The intermediate means of transmission 33 presented in FIG. 7 essentially comprise the pinion 330 already seen above, as well as a second transmission wheel 331 mounted on a shaft 339. We recall that the shaft 333 holding the pinion 330 also holds the cam 310 as well as the rotor 321. The intermediate means of transmission 33 allow the different torques coming into play in the device to be combined.

The release means 34 of FIG. 8 are of known construction. The release pallet 340 is integral with the oscillator (that is not presented in the figure), and oscillates about the shaft 341. During its oscillatory motion in the counterclockwise direction, the tooth of pallet 340 encounters a tooth of the escapement wheel 342, and imparts to it an impulse of torque in the clockwise direction. As the escapement wheel 342 is mounted on the same shaft 339 as the second transmission wheel 331 seen above, this impulse of torque is therefore transmitted from this transmission wheel 331 to the pinion 330. By appropriate fixation of the escapement wheel 342 on the transmission wheel 331, viz., in such a way that the impulse of torque be transmitted just after blocking of the pinion 330 by the blocking device described previously, the impulse of torque in a counterclockwise direction that is transmitted to the pinion 330 will release the cam 310 from its blocking position on the bolt 311, allowing the transmission wheel 30 to perform part of a revolution until the next blocking occurs. The time display 4 has thus advanced by a time segment corresponding to one movement of pallet 340.

FIG. 9 shows means 35 of power transmission to the oscillator which are of classical design, consisting of a transmission wheel 350 fixed on the same shaft 339 as the wheel 331 and the escapement wheel 342, and of a shaped part 351 that is mounted on the shaft 341 seen above and attached to the balance wheel of the hairspring (not shown). When the wheel 350 turns clockwise as indicated, and one of its teeth encounters the short side 352 of the shaped part 351 that is moving more slowly counterclockwise, the wheel 350 will furnish kinetic energy to the part 351 or to the hairspring, thus allowing the oscillatory motion of the oscillator to be sustained.

As indicated, the release means 34 and the means 35 of power transmission are of known design, and are here described as examples for a realization; other devices performing the same functions may thus be foreseen as a replacement.

The resulting torque on pinion 330 which consists of the essentially constant torque transmitted by the wheel 30 and shown in FIG. 4, and of the variable torque transmitted by the magnetic stator/rotor group and shown in FIG. 6, is shown in FIG. 10.

In the example shown for this first embodiment of an escapement device, this torque comprises two stable positions per turn of the pinion 330 which are marked S₁ and S₂ in the figure, and correspond to the two blocking positions in FIG. 4. These two stable positions S₁ and S₂ are defined as previously by a zero crossing of the curve of torque with negative slope. The torque also comprises two unstable positions per turn of the pinion 330 which are marked I₁ and I₂ and correspond to the two unblocking positions in FIG. 4. These two unstable positions I₁ and I₂ are defined as previously by a zero crossing of the curve of torque with positive slope.

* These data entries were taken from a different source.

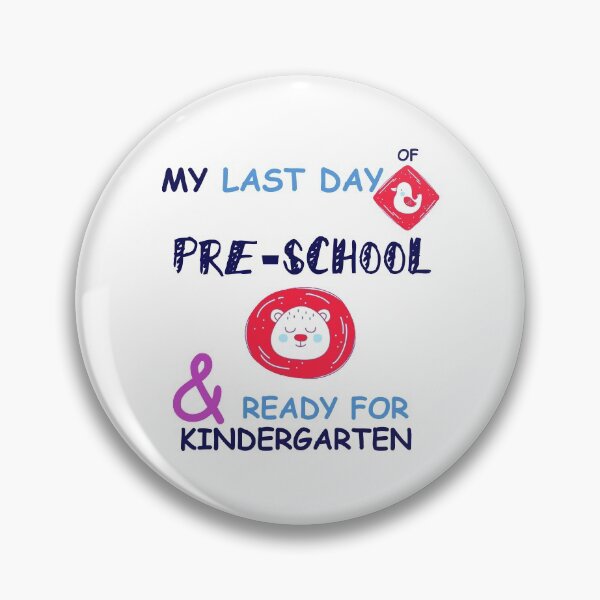Item preview, Pre-School last day shirt - ready for kindergarten pre-school graduation tshirt MSCL-001 designed and sold by ADEN-1001.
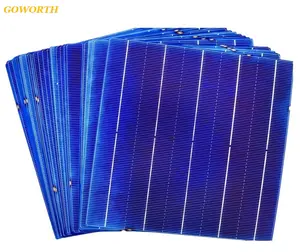 太陽電池パネル用Goworth中国工場ポリ157 mm単表面5BB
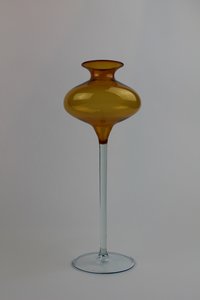 Bernsteinfarbene Vase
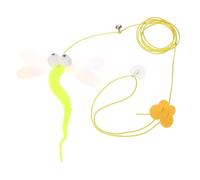 ERINGOGO Elastic Hanging Cat with Suction Cup for Stress Relief and Independent Play Adjustable Swing Style Pet Plaything to Prevent Biting Behavior and Safe for Indoor Cats Random Color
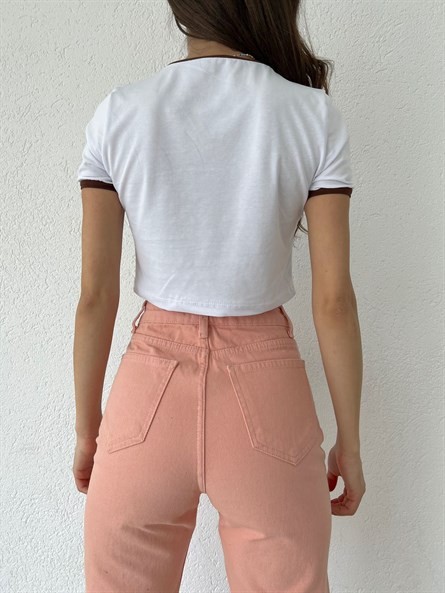NY Basic Croptop Beyaz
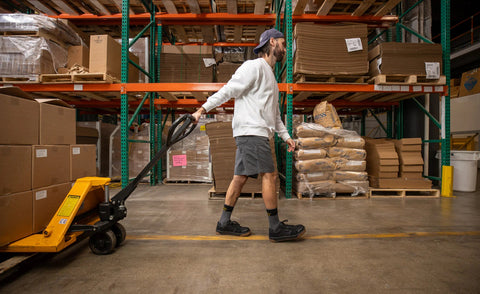 Men's Kenton Work Shoe (Carbon Toe)  |  Black/Gum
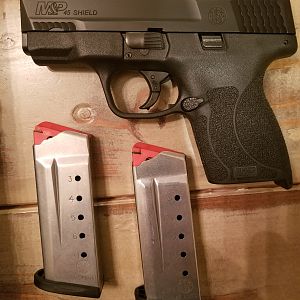 S&W Shield 45 Pistol With Night Sights & Holster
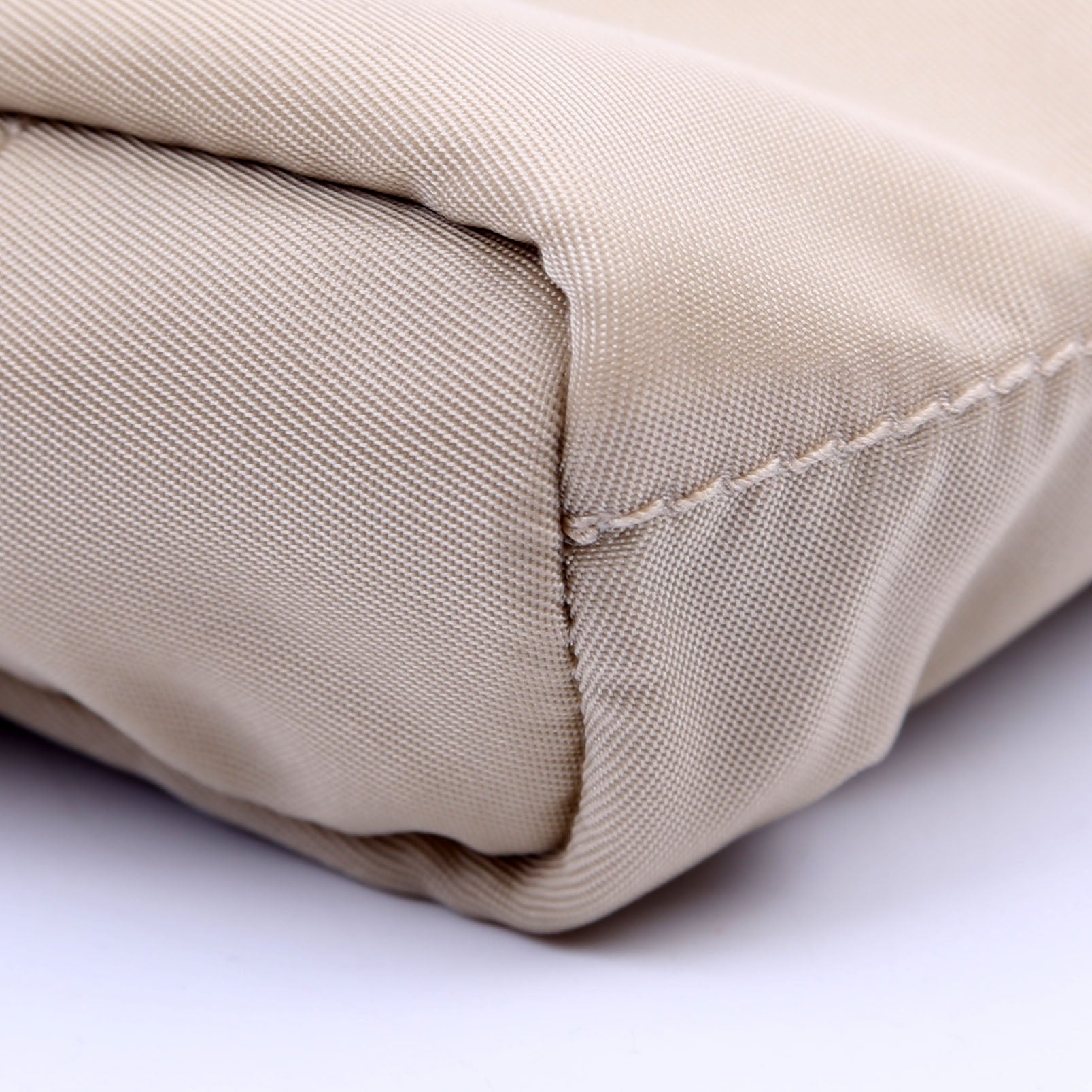 1ND339 Re-Nylon Pouch Beige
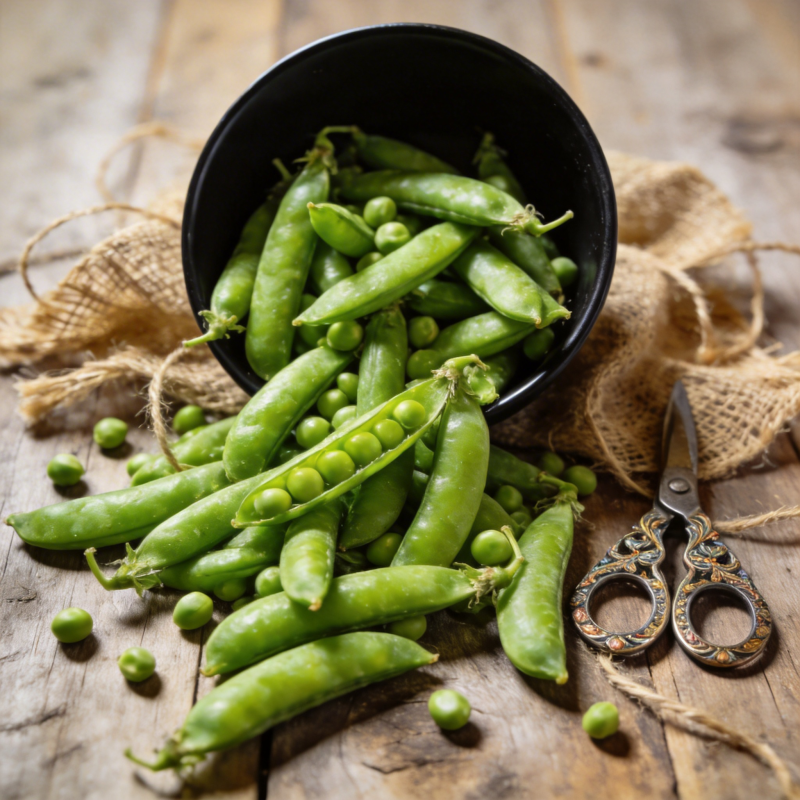新鲜豌豆荚图片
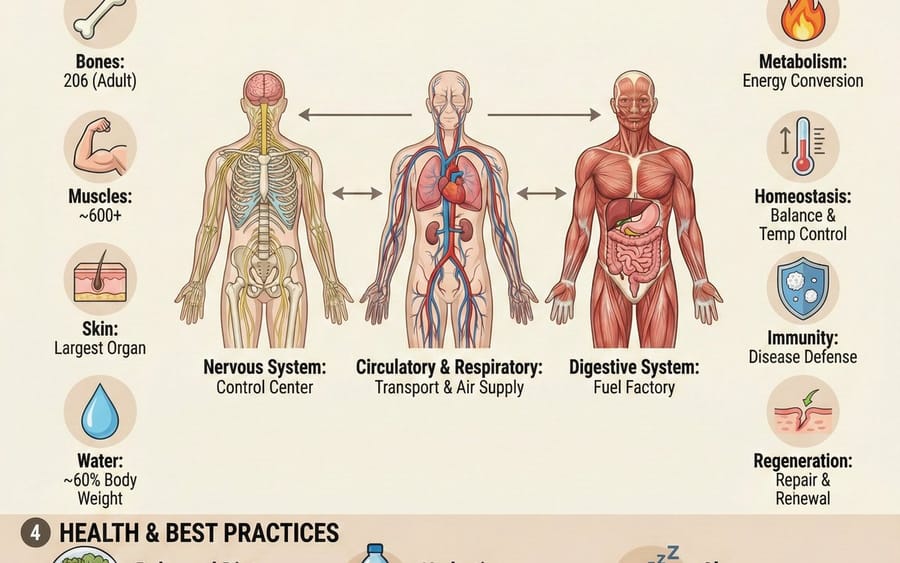 Ultra-Clean Anatomy Infographic Prompt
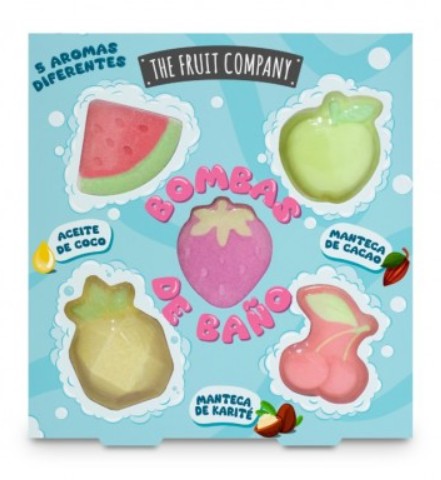 The Fruit Company -bombas de bano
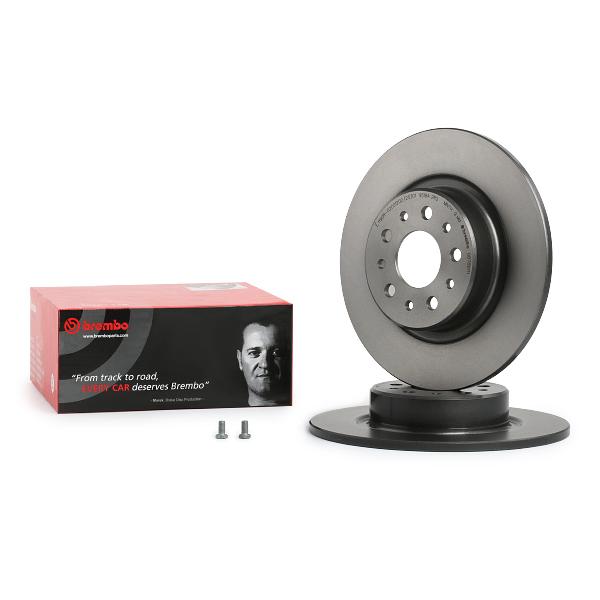 2x Brake Discs Pair Solid Rear 276mm 08.7861.11 Brembo Set 46469908 46542702 New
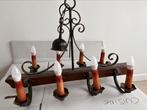 Lustre en bois vintage, Ophalen, Zo goed als nieuw, Hout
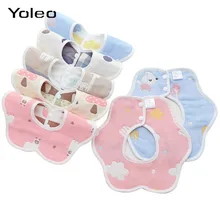 Детские нагрудники из хлопка для кормления ребенка слюнявчик нагрудник для младенцев Qute Печать мальчики девочки Удобная ткань бандана нагрудники Слюнявчик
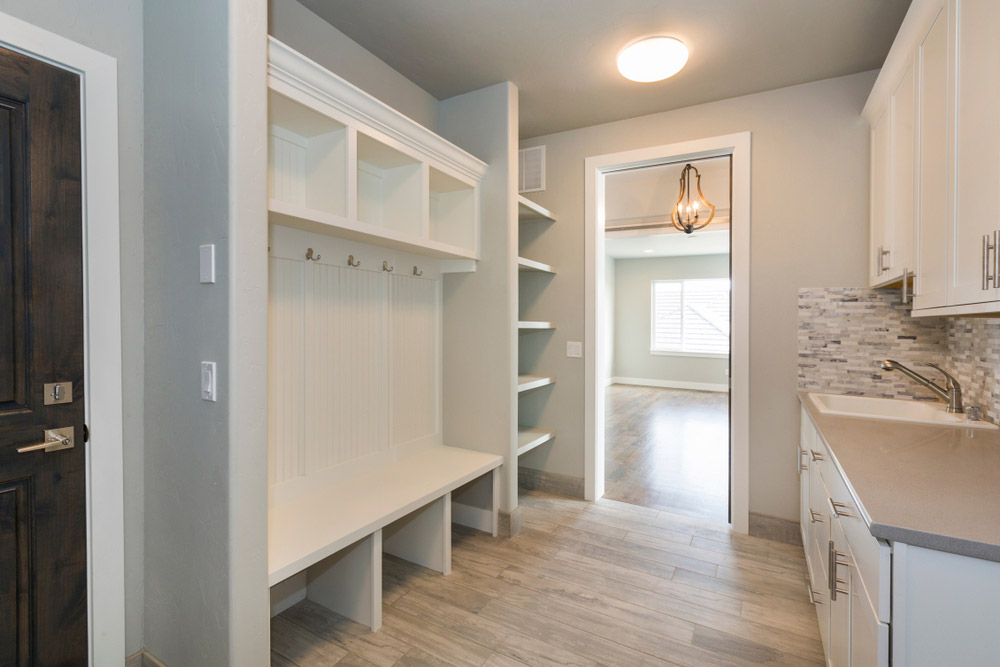 Entryway Storage  California closets, Entryway storage, Mud room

One notices that the resulting torque is always positive, except in the blocking positions where it is negative.

In FIG. 11 a second way is shown of how to obtain a variable mechanical torque having two stable points and two unstable points per turn of the wheel. A cam 323 is fixed on the same shaft 333 as the pinion 330 seen above; this cam has two concave portions and two convex portions. A spring lever 324 pivoting around one of its ends rests via a small wheel 325 on the periphery of cam 323. The resulting torque of this device is a variable function with two stable points while the small wheel 325 is aligned with the axis C--C, and two unstable points while it is aligned with the axis B--B.

It can thus be seen that several possibilities exist to obtain a variable mechanical torque having at least one stable point and one unstable point.

FIG. 10 shows the mechanical torque acting on the shaft 333 of pinion 330 in the absence of contact with the oscillator, plotted as a function of the angle of rotation of said pinion, now one can describe in parallel the functioning of the device as a function of time.

After a first rotation the device arrives in a blocking position as described with reference to FIG. 3, and corresponding to the point S₁ in FIG. 10. The device remains in this position for a time T₁.

When the pinion 330 receives the unblocking impulse, as described with reference to FIG. 8, it changes from position S₁ to position I₂ in FIG. 10, the transition being accomplished within a very short time called T₂ and being less than one thousandth of a second. This time must be as short as possible in order to cause minimum perturbation of the oscillator.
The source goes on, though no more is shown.